**WHAT IS EXPECTED:** Give back every line of the material below exactly, but no images.

**RECORD SET:**
○ ○ ○

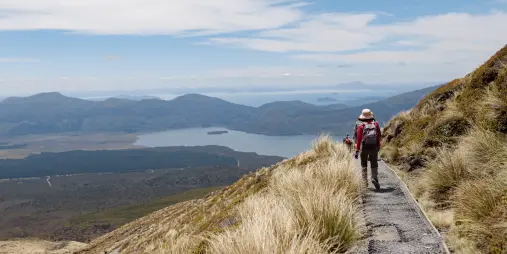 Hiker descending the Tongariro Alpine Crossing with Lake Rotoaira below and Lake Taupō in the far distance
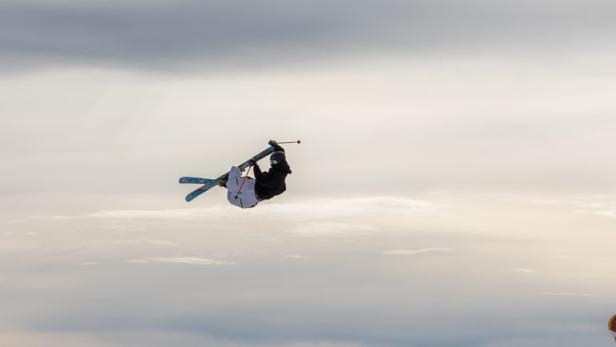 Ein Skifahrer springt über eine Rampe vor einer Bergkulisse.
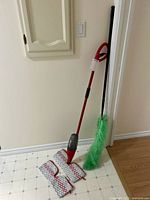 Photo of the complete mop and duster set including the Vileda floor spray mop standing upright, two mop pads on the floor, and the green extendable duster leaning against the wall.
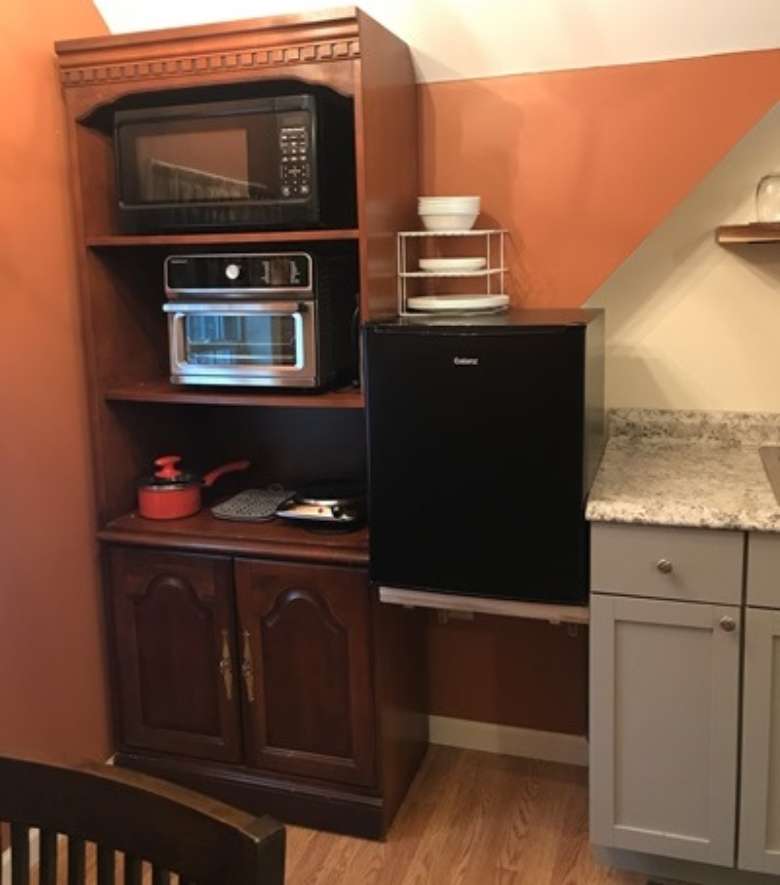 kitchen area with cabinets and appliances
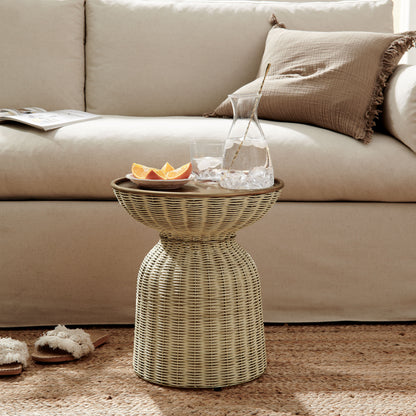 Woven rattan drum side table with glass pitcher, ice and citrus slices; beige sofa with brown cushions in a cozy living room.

○ ○ ○

**ANSWER SPACE:**
 Hiker descending the Tongariro Alpine Crossing with Lake Rotoaira below and Lake Taupō in the far distance
 Ein Skifahrer springt über eine Rampe vor einer Bergkulisse.
 Photo of the complete mop and duster set including the Vileda floor spray mop standing upright, two mop pads on the floor, and the green extendable duster leaning against the wall.
 kitchen area with cabinets and appliances
 Woven rattan drum side table with glass pitcher, ice and citrus slices; beige sofa with brown cushions in a cozy living room.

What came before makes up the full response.